In July 2022, the Office of the Director of National Intelligence, specifically the National Counter Intelligence and Security Centre, issued a stark advisory underscoring the risk to “leaders at the US state, local, tribal, and territorial levels risk being manipulated to support hidden PRC agendas. PRC influence operations can be deceptive and coercive, with seemingly benign business opportunities or people-to-people exchanges sometimes masking PRC political agendas. Financial incentives may be used to hook US state and local leaders, given their focus on local economic issues.In some cases, the PRC or its proxies may press state and local leaders to take actions that align with their local needs, but also advance PRC agendas, sometimes over national US interests”.

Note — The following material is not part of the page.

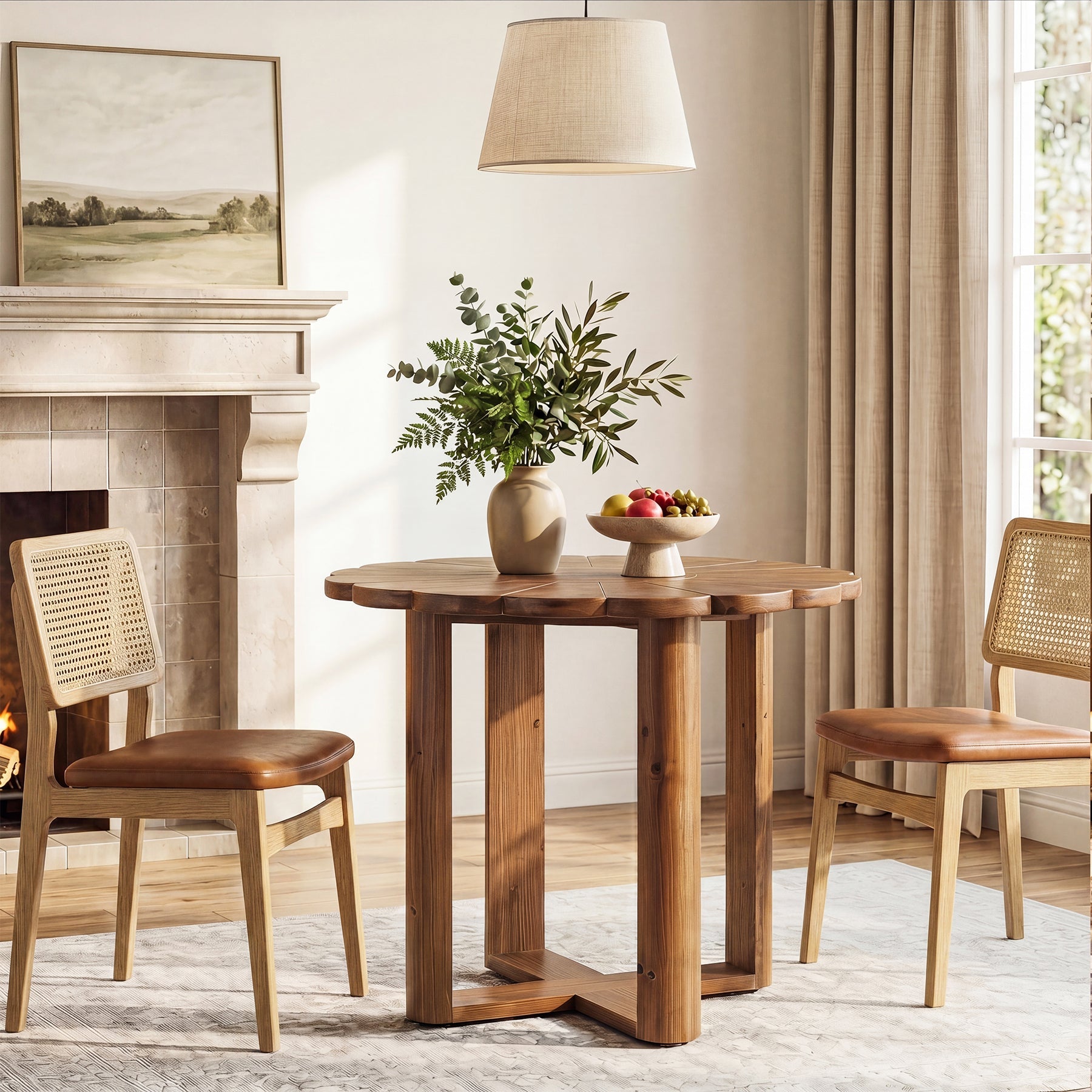 Tribesigns Massief Houten Ronde Eettafel 80 cm voor 2–4 personen, Landelijke Eetkamertafel met Floraal Snijwerkpatroon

Myriad US-based companies encompassing mega-conglomerates like Procter & Gamble and General Motors remain unswerving in their commitment to China’s 1.4 billion-person market. Tesla CEO Elon Musk, during a visit to China in May, characterised the US-China relationship as “conjoined twins” that cannot be separated. This is notwithstanding the fact that Twitter is banned in China and even he was not able to tweet while he was there.

Other US business leaders like the CEO of JP Morgan Chase Jamie Dimon also ruled out a full “decoupling” of the United States and China. He opined “it’ll take years for this thing to take place, but it won’t be a decoupling and the world will go on”.

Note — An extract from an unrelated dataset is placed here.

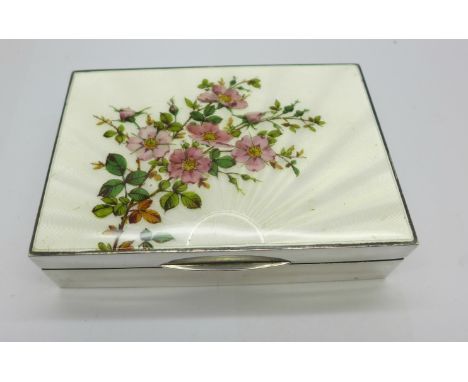 A silver and enamel cigarette box, Birmingham 1939, Deakin &amp; Francis, 124 x 84 x 32mm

Corporate America is, therefore, not willing to give up on China notwithstanding whatever may be the predilections of political America.

Moreover, foreign countries held a total of 7.4 trillion U.S. dollars in US treasury securities as of January 2023. China held the highest amount corresponding to 859.4 billion US dollars in US securities.

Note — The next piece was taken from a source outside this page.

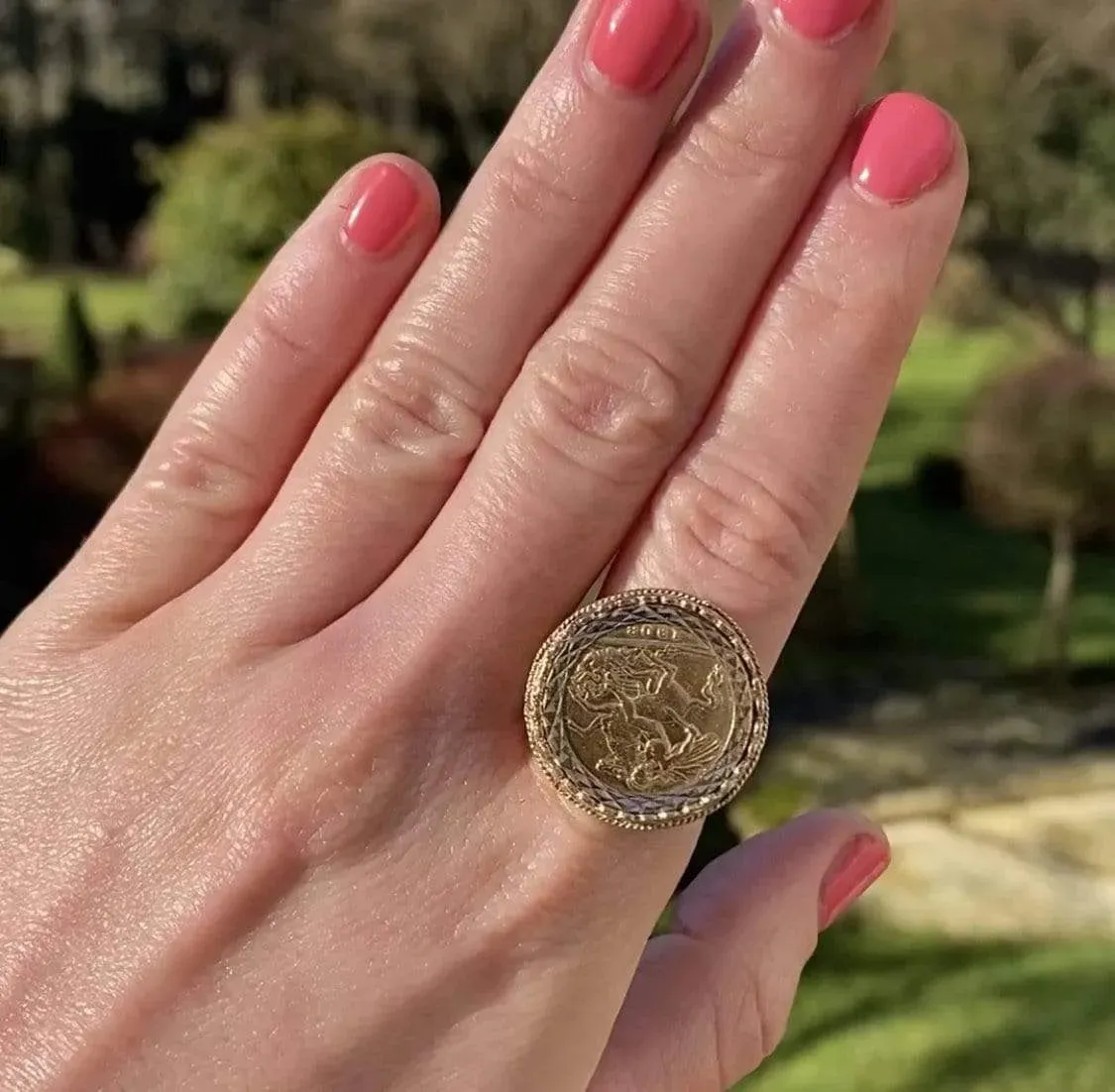 Antique 1908 22ct Half Sovereign Coin Heart Ring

Notwithstanding the Quad, AUKUS and myriad other nomenclatures, including the US commitment to preserve and protect the independence of Taiwan as well as the desire to enforce a rules-based order predicated on the freedom of navigation in the Indo-Pacific, the US-China relationship is a complex, nuanced, intertwined, vexed and yet a symbiotic dependence of mutual synergies. Chinese penetration of US policy making structures is deep, pervasive, sustained and well resourced.

The US secretary of state, Antony Blinken, is slated to make his oft-postponed visit to Beijing on June 18 just ahead of Prime Minister Modi’s visit to the American capital. The call comes after a range of discussions between US officials and their Chinese counterparts at various levels after the spy balloon saga.

While the US would obviously seek to balance the Sino-Russian bonhomie as well as the growing belligerence of China no longer confined to the South China Sea now, it must be kept in mind that the US would also be in full election mode by the end of 2023 with presidential elections scheduled for the November of 2024. Corporate America like all corporates elsewhere plays a very important role in the US electoral sweepstakes.

It is but logical that there would be pressure on all sides of the aisle not to look at the US-China relationship only through the geostrategic prism. Moreover, even the US strategic community understands that an uncalibrated, off-the-charts confrontation with China would be like the proverbial loose cannon on the deck of global stability.

While a close relationship with the United States is definitely in India’s interest, it is the finetuning and the nuance that is critical given that India does not have the luxury of being separated by two oceans from our ‘frenemies’ with whom we have to live cheek by jowl.